En 1864 viaja a Bélgica y residirá dos años en Bruselas. Allí intenta ganarse la vida dictando conferencias sobre arte, pero son un fracaso. En la primavera se encuentra con su editor. Sólo consigue dar tres conferencias sobre Delacroix, Gautier y Los paraísos artificiales, con escasa asistencia de público. Intenta una edición de su obra completa, pero fracasa y se venga de la falta de aceptación escribiendo un panfleto titulado ¡Pobre Bélgica!. La sífilis que padecía le causó un primer conato de parálisis (1865), y los síntomas de afasia y hemiplejia, que arrastraría hasta su muerte, aparecieron con violencia en marzo de 1866, cuando sufrió un ataque en la iglesia de Saint Loup de Namur. Trasladado urgentemente por su madre a una clínica de París, permaneció sin habla pero lúcido hasta su fallecimiento, en agosto del año siguiente. Fue enterrado en el cementerio de Montparnasse junto a la tumba de su padrastro. Su epistolario se publicó en 1872, los Journaux intimes (que incluyen Cohetes y Mi corazón al desnudo), en 1909; y la primera edición de sus obras completas, en 1939. Charles Baudelaire es considerado el padre, o, mejor dicho, el gran profeta, de la poesía moderna.
Las flores del mal
Las flores del mal es una obra de concepción clásica en su estilo, y oscuramente romántica por su contenido, en la que los poemas se disponen de forma orgánica (aunque esto no es tan evidente en las ediciones realizadas tras la censura y el añadido de nuevos poemas). En ella, Baudelaire expone la teoría de las correspondencias y, sobre todo, la concepción del poeta moderno como un ser maldito, rechazado por la sociedad burguesa, a cuyos valores se opone. El poeta se entrega al vicio (singularmente la prostitución y la droga), pero sólo consigue el hastío (spleen, como se decía en la época), al mismo tiempo que anhela la belleza y nuevos espacios ("El viaje"). Es la "conciencia del mal".
Influencia
Baudelaire fue para algunos la crítica y síntesis del Romanticismo, para otros el precursor del simbolismo, y tal vez haya sido ambas cosas al mismo tiempo. También es considerado el padre espiritual del decadentismo. Hay al menos coincidencias de que formalmente abrió el camino de la poesía moderna.

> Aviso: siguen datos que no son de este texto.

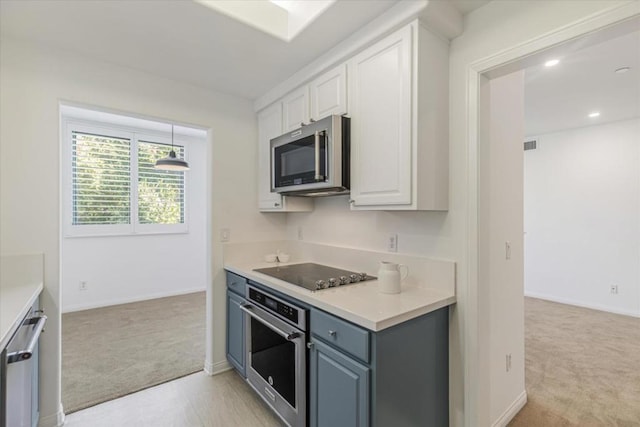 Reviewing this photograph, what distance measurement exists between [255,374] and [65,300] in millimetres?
3565

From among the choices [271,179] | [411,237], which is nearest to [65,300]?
[271,179]

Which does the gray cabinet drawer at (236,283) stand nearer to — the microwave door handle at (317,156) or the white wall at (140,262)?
the microwave door handle at (317,156)

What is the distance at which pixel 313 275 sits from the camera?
2178mm

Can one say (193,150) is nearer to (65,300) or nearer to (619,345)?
(65,300)

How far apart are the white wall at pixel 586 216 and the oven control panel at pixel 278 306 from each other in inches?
188

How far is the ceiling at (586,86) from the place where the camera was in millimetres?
2305

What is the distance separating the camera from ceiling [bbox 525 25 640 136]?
7.56ft

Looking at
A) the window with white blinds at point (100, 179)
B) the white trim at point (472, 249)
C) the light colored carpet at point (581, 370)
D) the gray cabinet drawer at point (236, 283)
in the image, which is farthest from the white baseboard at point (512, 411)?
the window with white blinds at point (100, 179)

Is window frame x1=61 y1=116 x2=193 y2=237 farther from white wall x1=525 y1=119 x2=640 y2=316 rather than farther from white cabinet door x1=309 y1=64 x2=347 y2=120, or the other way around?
white wall x1=525 y1=119 x2=640 y2=316

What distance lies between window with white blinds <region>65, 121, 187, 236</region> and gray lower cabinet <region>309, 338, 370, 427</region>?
4.14 metres

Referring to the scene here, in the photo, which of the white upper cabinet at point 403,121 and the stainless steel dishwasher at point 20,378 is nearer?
the stainless steel dishwasher at point 20,378

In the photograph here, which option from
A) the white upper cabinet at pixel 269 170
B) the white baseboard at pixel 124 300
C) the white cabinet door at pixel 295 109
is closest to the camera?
the white cabinet door at pixel 295 109

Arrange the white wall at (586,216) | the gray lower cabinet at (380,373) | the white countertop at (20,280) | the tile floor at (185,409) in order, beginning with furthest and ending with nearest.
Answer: the white wall at (586,216), the tile floor at (185,409), the white countertop at (20,280), the gray lower cabinet at (380,373)

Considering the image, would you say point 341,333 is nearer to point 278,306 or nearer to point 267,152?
point 278,306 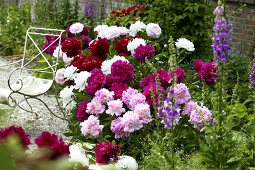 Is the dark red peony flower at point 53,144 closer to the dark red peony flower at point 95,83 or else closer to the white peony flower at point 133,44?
the dark red peony flower at point 95,83

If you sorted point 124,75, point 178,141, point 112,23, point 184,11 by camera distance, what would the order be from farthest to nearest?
point 112,23, point 184,11, point 124,75, point 178,141

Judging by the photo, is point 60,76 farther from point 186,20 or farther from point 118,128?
point 186,20

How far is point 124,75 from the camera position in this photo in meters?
4.59

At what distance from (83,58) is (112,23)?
285 cm

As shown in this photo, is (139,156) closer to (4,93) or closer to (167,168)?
(167,168)

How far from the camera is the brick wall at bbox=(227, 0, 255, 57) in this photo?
8688 mm

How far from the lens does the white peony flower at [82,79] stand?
4.74 m

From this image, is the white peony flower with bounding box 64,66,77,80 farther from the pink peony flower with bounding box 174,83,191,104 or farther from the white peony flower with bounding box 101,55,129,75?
the pink peony flower with bounding box 174,83,191,104

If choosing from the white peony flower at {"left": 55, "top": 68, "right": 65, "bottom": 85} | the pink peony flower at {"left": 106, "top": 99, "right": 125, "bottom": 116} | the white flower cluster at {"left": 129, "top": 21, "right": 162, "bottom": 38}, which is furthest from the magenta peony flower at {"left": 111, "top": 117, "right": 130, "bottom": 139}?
the white flower cluster at {"left": 129, "top": 21, "right": 162, "bottom": 38}

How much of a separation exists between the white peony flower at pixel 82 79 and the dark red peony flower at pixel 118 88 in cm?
30

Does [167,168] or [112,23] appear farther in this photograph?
[112,23]

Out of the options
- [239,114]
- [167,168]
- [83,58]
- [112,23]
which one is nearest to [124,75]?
[83,58]

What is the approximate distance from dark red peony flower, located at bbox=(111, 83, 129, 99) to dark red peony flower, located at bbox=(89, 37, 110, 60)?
2.26ft

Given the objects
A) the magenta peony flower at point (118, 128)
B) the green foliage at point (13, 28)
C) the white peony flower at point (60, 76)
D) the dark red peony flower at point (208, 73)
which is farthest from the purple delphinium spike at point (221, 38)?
the green foliage at point (13, 28) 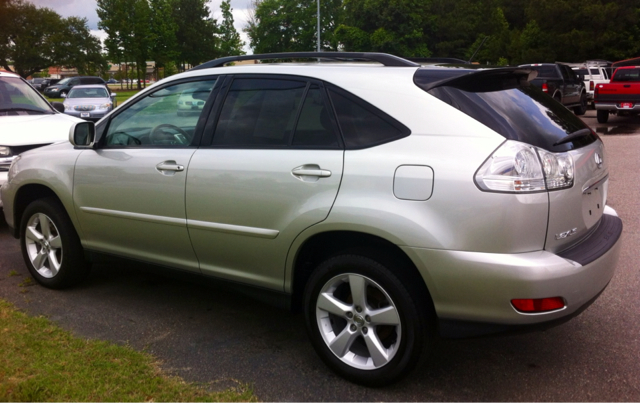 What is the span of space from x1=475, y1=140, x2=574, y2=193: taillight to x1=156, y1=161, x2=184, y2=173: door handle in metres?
1.92

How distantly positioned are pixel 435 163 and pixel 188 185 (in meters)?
1.63

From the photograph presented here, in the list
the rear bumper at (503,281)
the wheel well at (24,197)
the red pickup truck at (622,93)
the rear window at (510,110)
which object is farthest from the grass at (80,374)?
the red pickup truck at (622,93)

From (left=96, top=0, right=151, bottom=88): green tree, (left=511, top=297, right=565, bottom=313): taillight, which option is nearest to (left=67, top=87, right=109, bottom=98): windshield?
(left=511, top=297, right=565, bottom=313): taillight

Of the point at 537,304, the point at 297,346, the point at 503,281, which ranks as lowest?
the point at 297,346

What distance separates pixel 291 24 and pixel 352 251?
68.6 metres

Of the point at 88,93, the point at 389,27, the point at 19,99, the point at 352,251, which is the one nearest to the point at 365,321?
the point at 352,251

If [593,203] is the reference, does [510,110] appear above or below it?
above

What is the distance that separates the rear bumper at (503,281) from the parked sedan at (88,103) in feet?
56.6

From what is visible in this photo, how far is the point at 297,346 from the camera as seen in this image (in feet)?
12.3

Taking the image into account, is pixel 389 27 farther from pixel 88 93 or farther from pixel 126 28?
pixel 88 93

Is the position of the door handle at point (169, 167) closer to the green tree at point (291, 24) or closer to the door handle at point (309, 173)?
the door handle at point (309, 173)

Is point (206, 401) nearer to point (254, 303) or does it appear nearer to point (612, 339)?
point (254, 303)

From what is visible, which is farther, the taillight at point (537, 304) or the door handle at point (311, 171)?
the door handle at point (311, 171)

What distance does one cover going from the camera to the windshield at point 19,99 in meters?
7.96
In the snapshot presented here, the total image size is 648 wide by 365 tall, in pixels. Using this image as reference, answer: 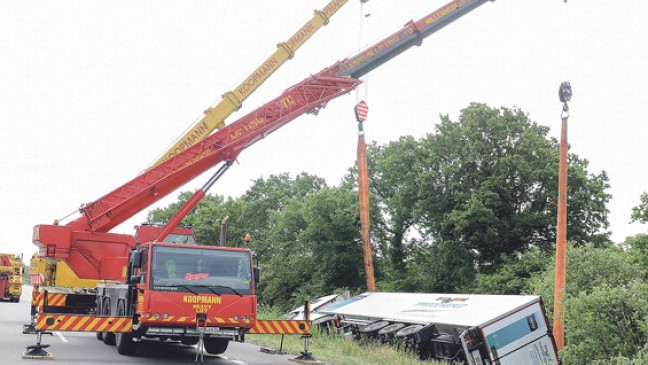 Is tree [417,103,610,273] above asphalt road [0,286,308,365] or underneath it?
above

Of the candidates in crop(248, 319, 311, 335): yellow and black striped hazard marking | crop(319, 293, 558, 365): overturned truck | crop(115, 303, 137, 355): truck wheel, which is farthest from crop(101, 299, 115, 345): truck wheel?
crop(319, 293, 558, 365): overturned truck

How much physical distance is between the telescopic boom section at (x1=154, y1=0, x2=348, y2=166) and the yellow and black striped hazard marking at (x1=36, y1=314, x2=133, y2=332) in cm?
878

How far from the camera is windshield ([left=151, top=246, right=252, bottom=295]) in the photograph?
13.0 meters

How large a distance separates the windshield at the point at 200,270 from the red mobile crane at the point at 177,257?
0.02 m

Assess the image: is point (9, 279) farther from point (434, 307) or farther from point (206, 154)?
point (434, 307)

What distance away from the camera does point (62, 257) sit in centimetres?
1802

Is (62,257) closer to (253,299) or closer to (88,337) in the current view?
(88,337)

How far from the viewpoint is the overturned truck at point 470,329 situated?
14.2 metres

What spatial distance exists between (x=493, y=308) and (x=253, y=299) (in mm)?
5517

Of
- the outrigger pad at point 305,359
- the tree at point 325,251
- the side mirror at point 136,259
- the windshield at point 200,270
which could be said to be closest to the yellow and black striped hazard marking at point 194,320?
the windshield at point 200,270

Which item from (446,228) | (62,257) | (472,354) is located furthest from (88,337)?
(446,228)

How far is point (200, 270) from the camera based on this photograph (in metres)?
13.3

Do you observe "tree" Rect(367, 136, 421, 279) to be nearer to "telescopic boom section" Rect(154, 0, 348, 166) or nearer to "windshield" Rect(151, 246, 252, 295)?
"telescopic boom section" Rect(154, 0, 348, 166)

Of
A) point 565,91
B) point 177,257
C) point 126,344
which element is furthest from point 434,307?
point 126,344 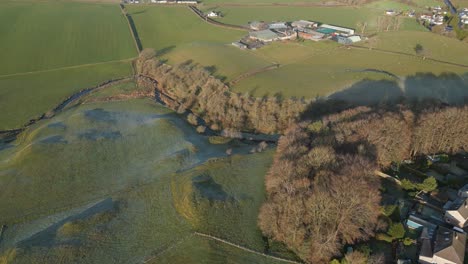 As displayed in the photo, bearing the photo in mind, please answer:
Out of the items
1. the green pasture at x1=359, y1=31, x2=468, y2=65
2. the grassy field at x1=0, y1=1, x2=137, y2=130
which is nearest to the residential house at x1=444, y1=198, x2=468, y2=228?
the green pasture at x1=359, y1=31, x2=468, y2=65

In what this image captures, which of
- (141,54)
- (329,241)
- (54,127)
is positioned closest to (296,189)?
(329,241)

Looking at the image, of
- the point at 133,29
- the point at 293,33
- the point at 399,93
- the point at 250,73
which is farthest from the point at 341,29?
the point at 133,29

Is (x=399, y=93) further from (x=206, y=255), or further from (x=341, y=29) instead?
(x=206, y=255)

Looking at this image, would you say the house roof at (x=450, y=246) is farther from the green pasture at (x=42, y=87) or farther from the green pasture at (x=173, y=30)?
the green pasture at (x=173, y=30)

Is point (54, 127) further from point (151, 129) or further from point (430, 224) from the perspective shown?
point (430, 224)

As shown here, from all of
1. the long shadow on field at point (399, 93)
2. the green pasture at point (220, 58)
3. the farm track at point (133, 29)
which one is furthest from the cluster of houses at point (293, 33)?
the farm track at point (133, 29)

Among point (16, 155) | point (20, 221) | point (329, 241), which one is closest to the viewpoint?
point (329, 241) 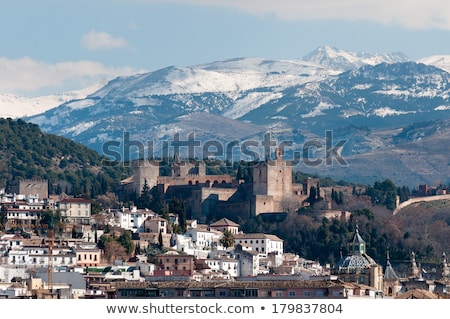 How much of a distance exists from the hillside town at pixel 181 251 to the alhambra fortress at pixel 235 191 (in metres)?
0.07

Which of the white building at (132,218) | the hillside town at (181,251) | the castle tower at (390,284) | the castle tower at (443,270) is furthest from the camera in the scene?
the white building at (132,218)

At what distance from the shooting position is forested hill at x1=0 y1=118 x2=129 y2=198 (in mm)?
145875

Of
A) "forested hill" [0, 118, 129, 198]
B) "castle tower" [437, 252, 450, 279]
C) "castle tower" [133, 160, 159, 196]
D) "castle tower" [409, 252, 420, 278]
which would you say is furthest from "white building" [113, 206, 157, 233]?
"forested hill" [0, 118, 129, 198]

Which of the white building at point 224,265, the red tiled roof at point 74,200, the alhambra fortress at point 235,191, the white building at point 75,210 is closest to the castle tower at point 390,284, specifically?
the white building at point 224,265

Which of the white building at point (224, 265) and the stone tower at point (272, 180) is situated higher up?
the stone tower at point (272, 180)

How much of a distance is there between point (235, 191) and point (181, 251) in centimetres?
2325

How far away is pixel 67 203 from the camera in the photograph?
11788cm

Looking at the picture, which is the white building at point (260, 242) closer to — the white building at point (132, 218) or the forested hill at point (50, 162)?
the white building at point (132, 218)

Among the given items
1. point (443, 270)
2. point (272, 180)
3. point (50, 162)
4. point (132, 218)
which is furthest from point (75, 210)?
point (50, 162)

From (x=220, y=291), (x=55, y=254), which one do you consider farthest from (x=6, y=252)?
(x=220, y=291)

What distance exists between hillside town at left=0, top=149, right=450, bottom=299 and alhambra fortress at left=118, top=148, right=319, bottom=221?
7cm

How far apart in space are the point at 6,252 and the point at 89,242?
247 inches

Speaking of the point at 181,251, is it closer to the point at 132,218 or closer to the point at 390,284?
the point at 132,218

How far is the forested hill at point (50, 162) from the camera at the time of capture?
479 ft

Su oscilación entre lo sublime y lo diabólico, lo alto y lo bajo, el ideal y el aburrimiento angustioso (el Spleen) se corresponde con un espíritu nuevo en la percepción de la vida urbana. Además, estableció para la poesía una estructura basada en "Correspondencias", idea ésta que desarrolla en el poema de ese nombre con el que abre "Las flores del mal". Las correspondencias equivalen a audaces imágenes sensoriales que representan la vida espiritual del hombre moderno.
El simbolismo, que avanzó en el camino de una poesía autónoma, que se representara sólo a sí misma, es deudor de esta idea de Baudelaire. El trabajo que realizó con la metáfora contribuyó en todo caso a indicar el terreno ilimitado en el que podía expandirse el sistema de representación de la poesía. Esto fue de importancia decisiva para la poesía del siglo XX, junto con la experimentación de Arthur Rimbaud, el principal de los poetas "malditos", quizá el mejor heredero de Baudelaire.